Another biographical movie running this week is The Spirit of St. Louis, which will be on TCM at 3:30 AM Saturday. Well-read posters will recognize that the title is the name of the airplane that Charles Lindbergh flew on his famous solo, non-stop flight across the Atlantic. Unsurprisingly, then, this movie is the story of that flight. Lindbergh, played here by James Stewart who was really too old for the role but is a good enough actor that that's beside the point, started off as a mail pilot, trying to raise the money to buy a plane to make the transatlantic attempt. Obviously he does raise that money, but the flight still isn't going to be easy. There are serious weight issues, considering how much fuel is necessary to make the flight, and whether that means the plane will even be able to take off.

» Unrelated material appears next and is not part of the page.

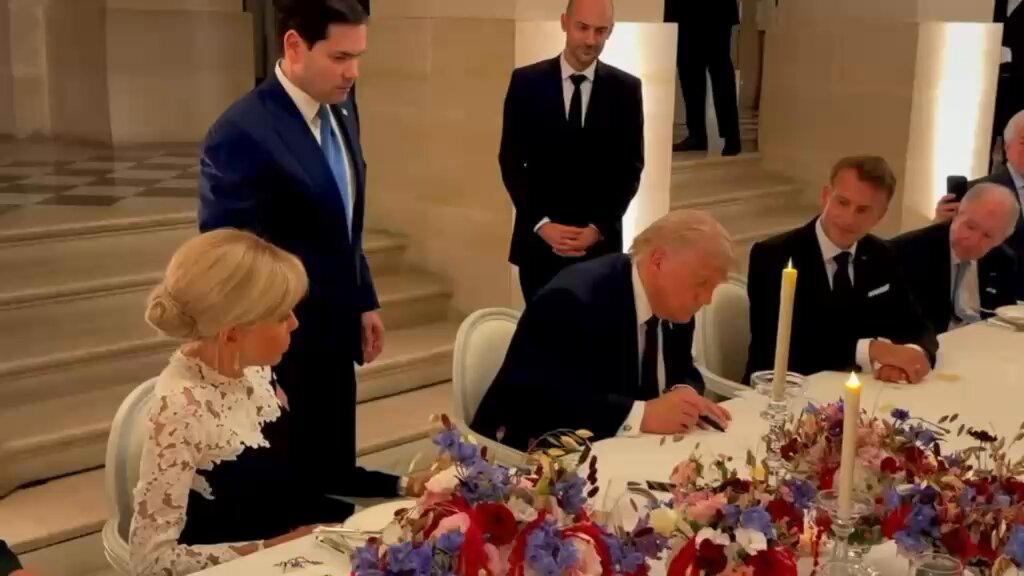 На организованном президентом Франции Эммануэлем Макроном ужине в Версале, пока на столах меняли тарелки, Дональд Трамп подписал меморандум о взаимопонимании с Ираном. Почти что походя, не отвлекаясь от еды. А между тем, это, возможно, важнейший документ эпохи. Вне зависимости от того, в какой мере будут исполнены положения меморандума – об этом идут споры, – факт остаётся фактом: президент США поставил свою подпись под документом, обещающим Ирану многомиллиардные инвестиции, отмену санкций, разрешение продавать нефть в обмен на… открытие Ормузского пролива. Да и то, судя по всему, временное. О ядерной программе США и Иран намерены говорить позднее. Баллистические ракеты и прокси-группировки даже не обсуждаются. Война и политика требуют мужества идти до конца. Несмотря на временные неудобства. Несмотря цены на нефть и возмущение в конгрессе. Трамп решил этого не делать. Время покажет, не станет ли это роковой ошибкой. И, учитывая темп развивающихся событий, случится это скорее раньше, чем позже.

And then once the plane actually does make it into the air, the flight still isn't easy. There's weather, and the general fatigue of such a long flight. The story here has Lindbergh flashing back to points earlier in his life during the flight.

 

I've been recommending a lot of Alfred Hitchcock movies during 31 Days of Oscar. This week, the Hitchcock movie I'll recommend is Strangers on a Train, which you can see at 4:00 PM Saturday on TCM. Farley Granger plays Guy Haines, a tennis player in love with Anne, a Senator's daughter (Ruth Roman), but who can't marry her because he's already married and his wife won't grant him a divorce. On a train to Washington, he meets Bruno Antony (Robert Walker). Bruno admires Guy and realizes they have something in common. Guy's life would be easier if Mrs. Haines died, while Bruno has an overbearing father who would be better off dead. So Bruno has a bizarre idea: he'll kill Mrs. Haines, and Guy can kill Bruno's father in return! Guy laughs it off as bizarre, but sure enough Bruno kills Guy's wife leaving Guy no alibi, and then Bruno expects Guy to kill Bruno's father. It's filled with wonderful photography (watch the tennis match) and a truly disturbing antagonist in Bruno. Even will all this I think it's still underrated among Hitchcock's work, that's how good he is.

 

I didn't realize Them! was nominated for an Oscar. But it was, so TCM can show it during 31 Days of Oscar, and they're doing just that at 3:45 PM Sunday. Deaths are taking place out in the desert of New Mexico, and nobody can quite figure out why until in one case a little girl survives, but catatonic. Scientists are brought in, and Dr. Harold Medford (Edmund Gwenn) is able to figure out when he puts a bottle of formic acid under the girl's nose and she starts screaming “Them!” Formic acid means ants, and when the scientists research, they discover that nuclear testing has led to the ants mutating and becoming giant monsters. Worse, the queen is about to take flight, which means we're going to get giant ants elsewhere in the US. (Well, in reality, a queen ant wouldn't be able to fly with that much exoskeleton. The ants would have been crushed under their own weight long before the action in the movie.) So Medford goes with his daughter Patricia (Joan Weldon) and an FBI agent (James Arness) to Los Angeles to deal with the ant migration. Sure they didn't have as advanced special effects back in the 1950s, but they knew how to tell stories.